GfKジャパンは、世界70カ国を超える地域での家電販売実績(北米は予測)にもとづき、2018年における家電小売市場(テレコム、生活家電、IT・オフィス、AV・イメージング)の販売動向を発表した。

2018年1-11月には販売実績を、12月は予測値を使用している(販売金額は1USドル=0.829ユーロで換算)。

動向の概要は以下のとおりとなる。

  • 2018年におけるグローバルの家電販売金額は、前年比4%増の約1兆100億ユーロを記録。
  • 多くの製品カテゴリで高価格帯の伸長が見られ、初の1兆ユーロを超える市場規模となった。
  • 成長をけん引したのはテレコム、小型生活家電、AV・イメージング市場で、いずれも前年の販売金額を6-7 %上回る。
  • 地域別の金額構成比をみると、APACが42%と最も大きな割合を占め、次いでヨーロッパが25%、北米が20%、中南米が7%、中東・トルコ・アフリカが6%を占める。
  • 2019年のグローバルのデジタル家電市場は、2%増の1兆300億ユーロ前後を見込む。

テレコム市場は金額前年比7%増

テレコム市場は販売金額のうち44%を占める。台数ベースでは市場成長が停滞するものの、スマートフォンを中心とした高価格帯製品の需要が増え、金額規模は大きく拡大。前年比7%増の約4400億ユーロとなった。

また、地域別では、中南米は5%減と不調だったが、多くの地域で前年を上回り、ヨーロッパと北米はそれぞれ14%増、12%増の2桁成長を記録した。

大型生活家電市場は金額前年比1%減

大型生活家電市場は販売金額のうち17%を占めるが、前年比1%減の約1770億ユーロとなった。同市場のトレンドのひとつにコネクティビティがあり、機器間のネットワーク連携や、スマートフォンにより機器をコントロールできる機能に注目が集まる。地域別では、中南米は6%増、ヨーロッパ3%増、APAC2%増と好調だった。

IT・オフィス市場は前年比1%増

IT・オフィス市場は販売金額のうち16%を占め、2018年の販売金額は前年比1%増の約1570億ユーロとなった。

IT市場では、特にゲームパソコンで顕著だった高性能機器の販売が好調。地域別では、APACと中南米はわずかに前年を上回るが、ヨーロッパは前年並み、北米と中東・トルコ・アフリカは前年を下回る。

オフィス市場では、APAC、特に中国の拡大に支えられ、3%増の約160億円と堅調だった。

AV・イメージング市場は金額前年比6%増

AV・イメージング市場は販売金額のうち15%を占め、前年比6%増の約1530億ユーロとなった。

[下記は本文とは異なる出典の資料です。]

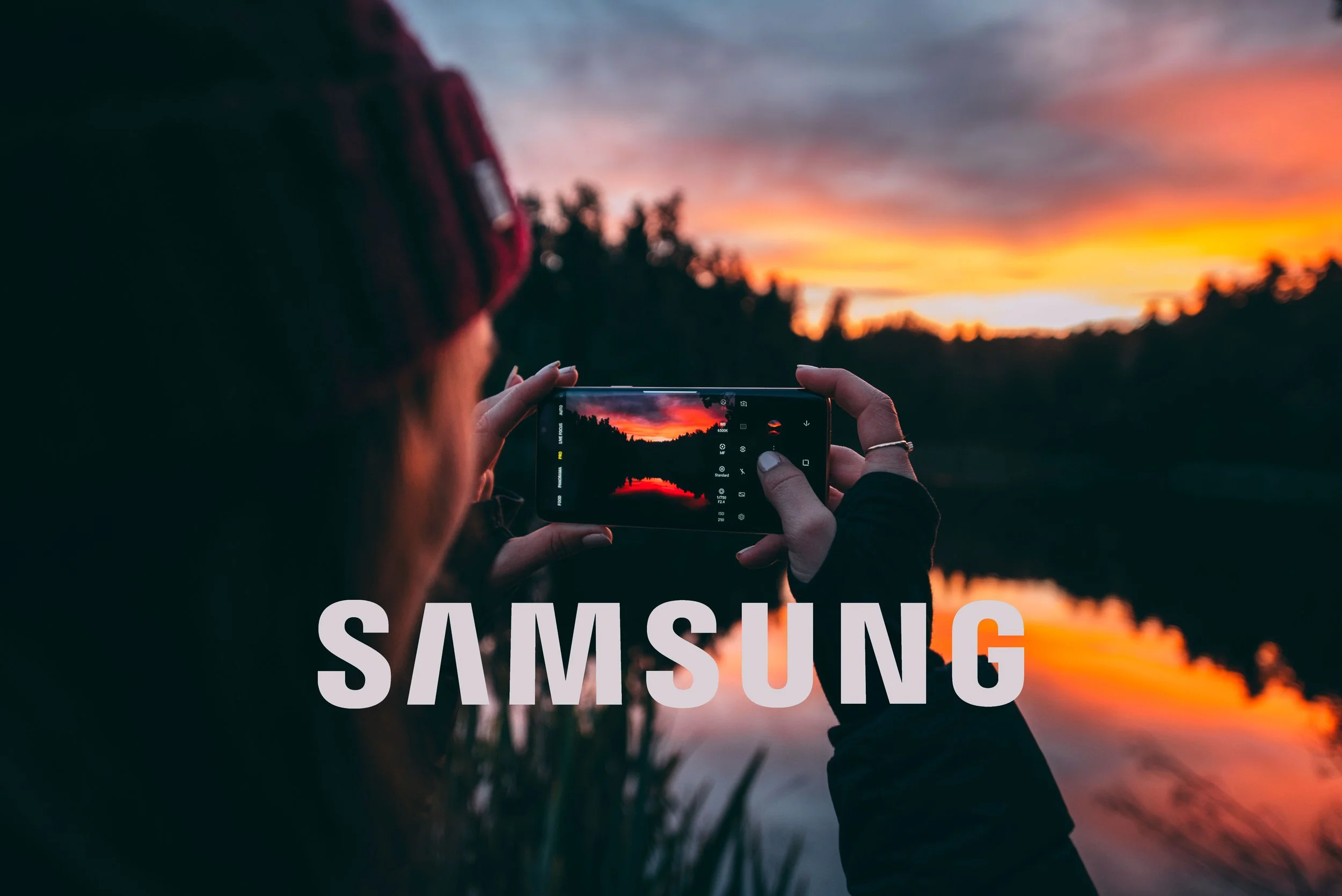 Lola-Photography-Samsung_Assignment-LOGO.jpg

AV市場では高価格帯製品の成長により、6%増の約1380億ユーロを記録。その4分の3程度を構成するテレビ販売は5%増となった。特に50インチ以上の大画面モデルの拡大が顕著で、販売金額の半分以上を占める。また、有機ELテレビは、テレビ全体の1割に満たない金額規模ではあるが、前年の2倍以上と急伸。

オーディオ販売ではワイヤレス製品が市場成長を支え、モノラルを除くヘッドホン・ヘッドセットは前年比40%増と大幅に伸長、その半分以上をBluetooth対応機が占めた。

地域別では、中南米が24%増と大幅な成長を見せ、APAC、ヨーロッパ、中東・トルコ・アフリカはいずれも4-5%増だった。

一方イメージング市場は5%減と低調だったが、その中で高価格帯のカメラ販売は比較的好調だった。

小型生活家電市場は金額前年比7%増

販売金額のうち8%を占める小型生活家電市場は、前年比7%増の約860億ユーロとなった。

コードレス掃除機に代表される利便性の高い製品の需要増により、多くの地域で前年の販売を上回る結果となった。

APACは13%増と大幅な成長を記録し、特に中国での成長が顕著だったといえる。